• [Task prompt]: The answer must consist solely of the lines below starting at the one containing "爱情海牛津布包包女包斜挎包女单肩贝壳包胸包生日母亲节礼物实用送妈妈" and ending at the one containing "38000 38000円 冷凍配送", repeated exactly, with both ends included and all pictures omitted.

• [Data for analysis]:
══════

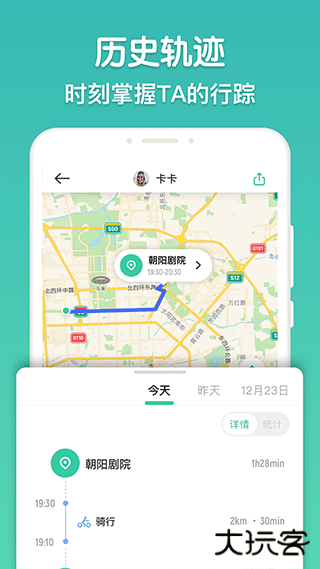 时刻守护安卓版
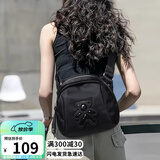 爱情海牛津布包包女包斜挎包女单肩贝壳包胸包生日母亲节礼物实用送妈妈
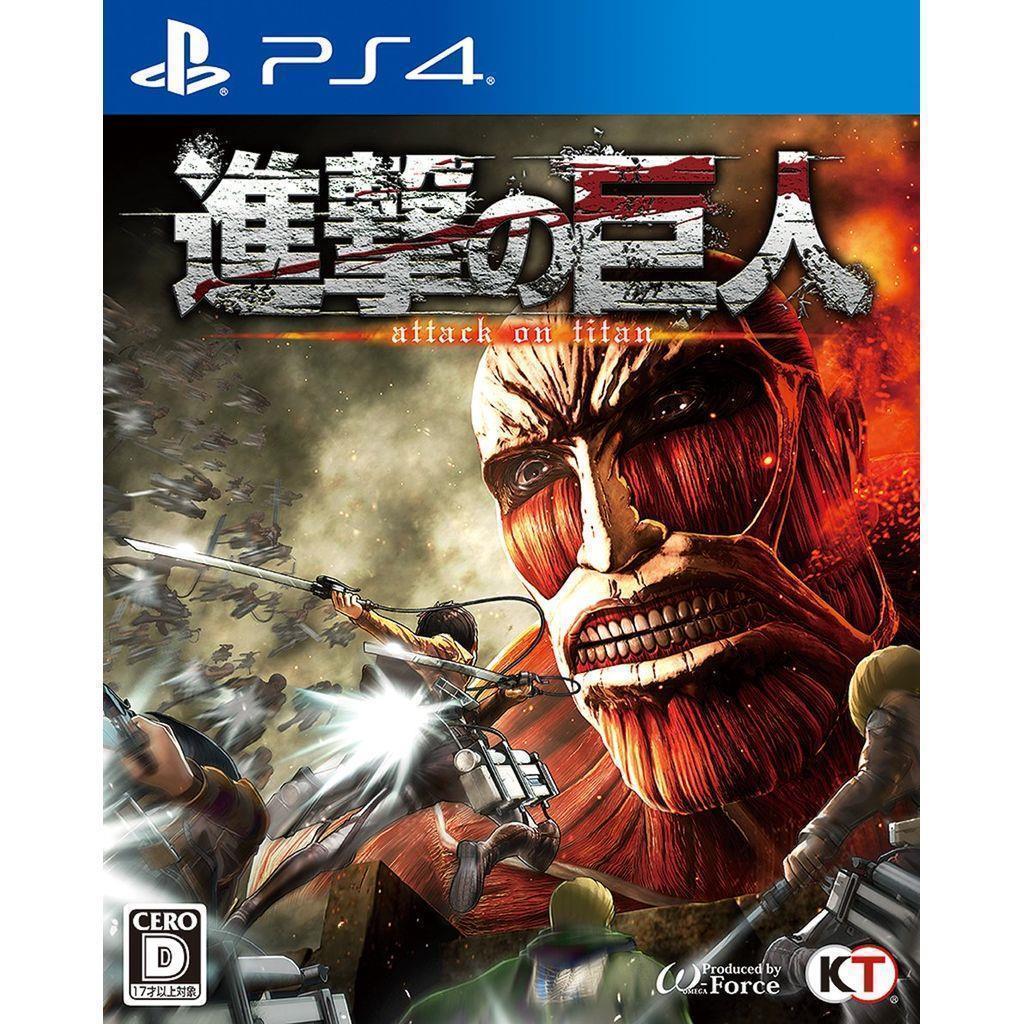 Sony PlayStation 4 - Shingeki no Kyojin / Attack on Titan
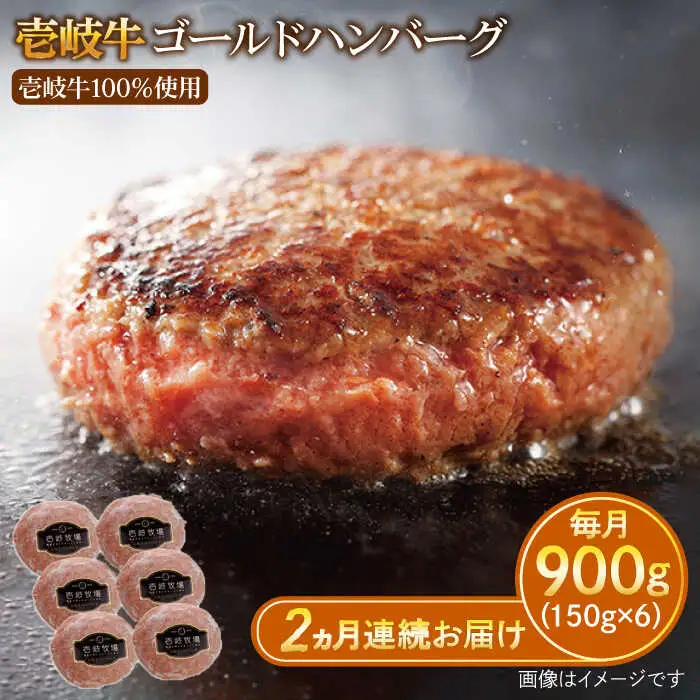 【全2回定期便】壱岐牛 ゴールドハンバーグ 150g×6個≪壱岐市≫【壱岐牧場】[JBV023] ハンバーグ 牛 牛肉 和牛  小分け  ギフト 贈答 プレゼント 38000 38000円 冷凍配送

══════

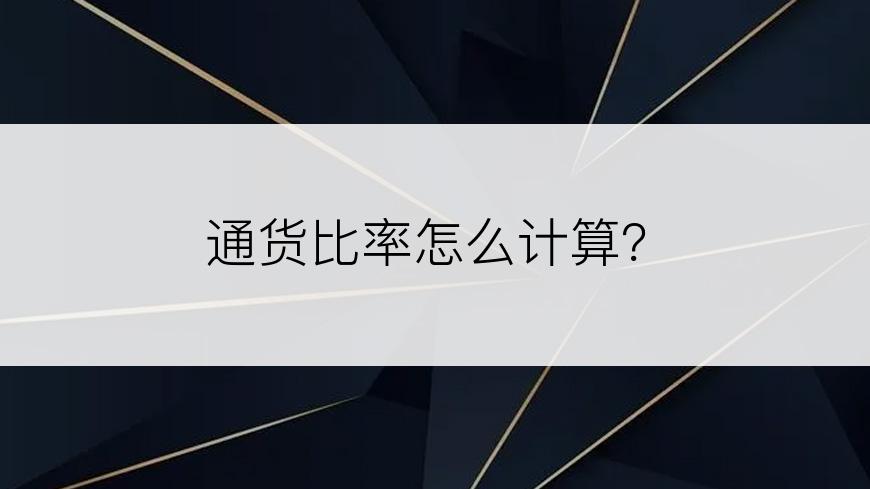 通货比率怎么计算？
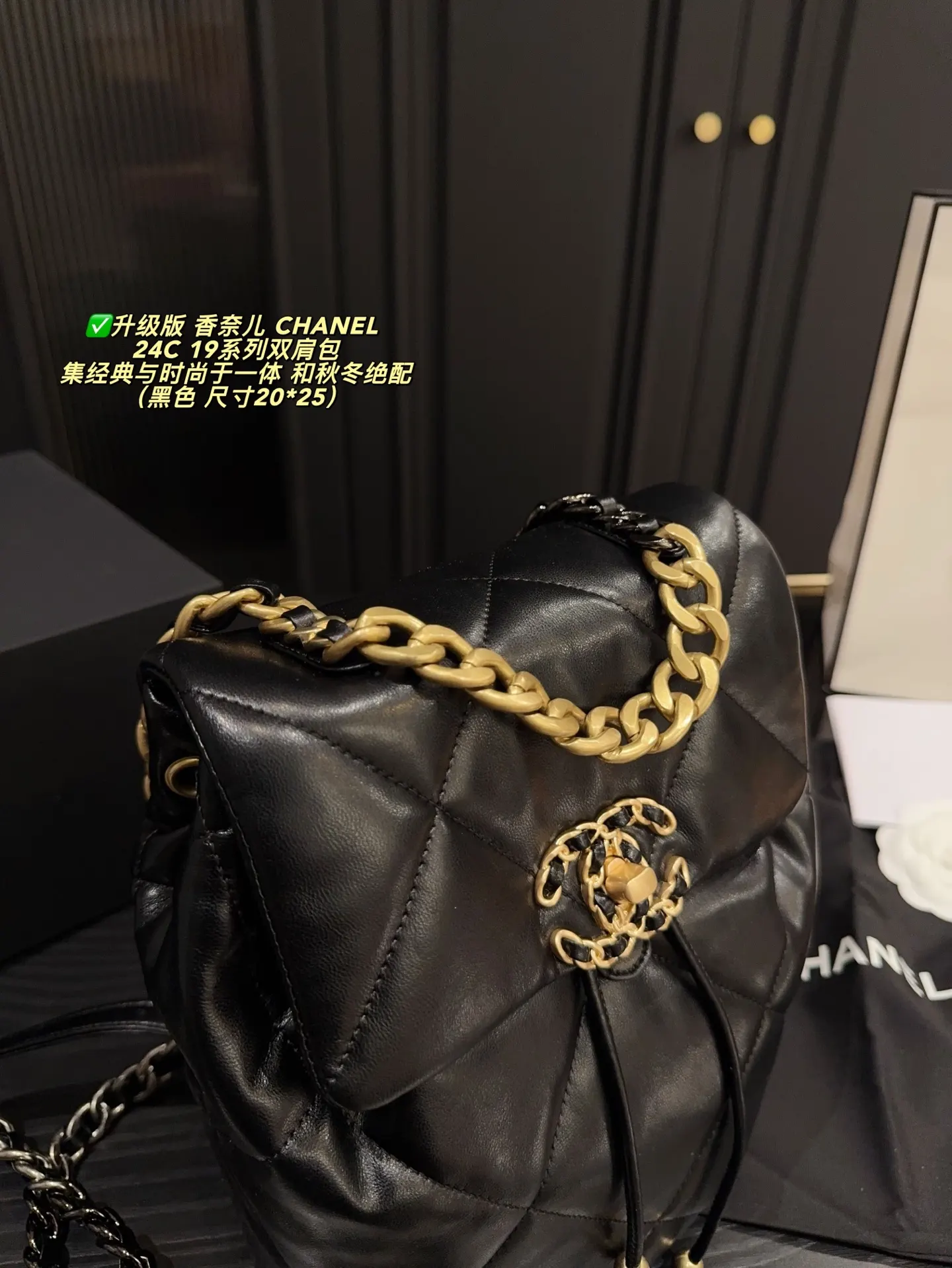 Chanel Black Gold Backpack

══════

• [Task answer]:
 爱情海牛津布包包女包斜挎包女单肩贝壳包胸包生日母亲节礼物实用送妈妈
 Sony PlayStation 4 - Shingeki no Kyojin / Attack on Titan
 【全2回定期便】壱岐牛 ゴールドハンバーグ 150g×6個≪壱岐市≫【壱岐牧場】[JBV023] ハンバーグ 牛 牛肉 和牛  小分け  ギフト 贈答 プレゼント 38000 38000円 冷凍配送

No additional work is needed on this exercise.